Last year, the university’s cooperative education students earned a total of $57 million, an increase of $19 million over the past five years. Individually, UC co-op students earned an average of $10,144 last year, and their average hourly wage was $15.85, nearly a dollar more an hour than the average five years ago.
The school’s co-op program, in which students regularly alternate time spent in the classroom with time spent in the workforce, also saw close to 6,000 unique placements, around 3,500 unique students and roughly 1,300 unique co-op employers, which last year included such household names as Duke Energy, General Electric, Fisher-Price, Nike, Kroger and Toyota.
“Over the past 10 years, UC has grown enrollment by about 50 percent,” said Kettil Cedercreutz, associate provost and director of UC’s Division of Professional Practice and Experiential Learning, known as ProPEL. “During that same period, co-op enrollment has grown by 62 percent.”
Cedercreutz attributes the evolution to several factors, including the university’s switch from quarters to semesters in 2012. Students on a semester calendar spend 20 months on co-op, compared to 18 months on quarters, he said.
Another factor, of course, is UC’s burgeoning overall enrollment.
In 2011, UC’s co-op program expanded from offerings within four colleges — Engineering & Applied Science; Design, Architecture, Art, and Planning; Education, Criminal Justice, & Human Services; and Carl H. Lindner College of Business — into ProPEL, an umbrella department which today offers not only co-op opportunities but also academic internships across campus, and opportunities for international experiential learning, service learning, undergraduate research and interdisciplinary learning.
This year, ProPEL will add two new co-op programs, Cedercreutz said. The first, a co-op for students in the department of communication, began Jan. 11 and marks the McMicken College of Arts and Sciences’ first co-op program. The second, a fine arts co-op program within DAAP, will roll out later this year.

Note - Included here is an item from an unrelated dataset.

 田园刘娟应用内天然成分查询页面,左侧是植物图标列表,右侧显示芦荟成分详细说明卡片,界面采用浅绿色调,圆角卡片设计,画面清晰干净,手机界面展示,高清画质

Another factor contributing to the growth of UC’s co-op program, Cedercreutz said, is UC’s increasing global recognition as an institution that combines high-impact experiential learning opportunities, a competitive, externally funded research environment and an eclectic academic setting.
Then there are the benefits.
In addition to earning a salary and gaining valuable workforce experience, co-op students also tend to absorb information better when they return to the classroom, Cedercreutz said.

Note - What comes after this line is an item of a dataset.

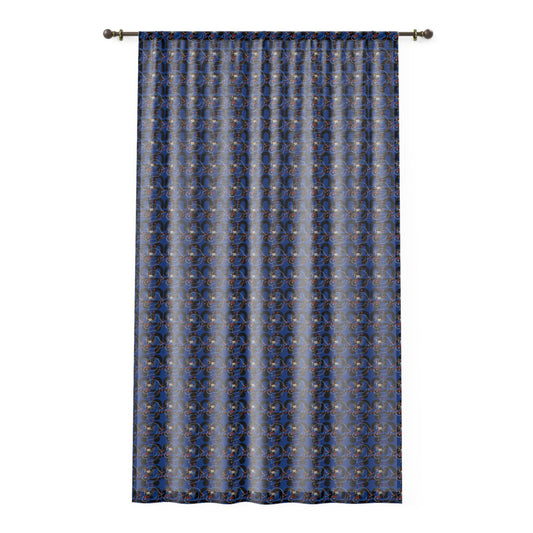 Elegant Blue Pattern Window Curtain, Living Room Decor, Boho Chic, Light Filtering, Bedroom Drapes, Home Accessories Printify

“They tend to stick to their programs better and understand the material better,” he said. “It produces a more solid graduate.”
In fact, Michelle Clare, associate director of ProPEL, said preliminary data indicates a positive impact on retention rates for students who participate in experiential learning. “We’re getting ready to take a look at the correlation and study that further,” she said.
To participate in a co-op, students must be in good academic standing at UC at the end of their first year.
UC’s co-op program was founded in 1906 as the first program of its kind in the nation. Today, it’s the largest mandatory co-op program at a public institution in the nation, Cedercreutz said, with mandatory requirements in the colleges of Engineering & Applied Science and DAAP.
UC’s biggest co-op programs
- Within UC’s co-op program, the College of Engineering & Applied Science makes up the largest number of placements with 3,150, or more than half, of today’s 6,100 placements.
- Its students also earn the highest average hourly wage, at $16.70.
- At that rate, co-op students’ earnings over five co-op semesters would be just under $58,000. That more than covers the cost of four years of in-state, undergraduate tuition, which at $6,004 per semester in the 2015–16 academic year adds up to just more than $48,000.
- Student education costs also include additional fees and can include housing and food costs; the $6,004 figure does not include those.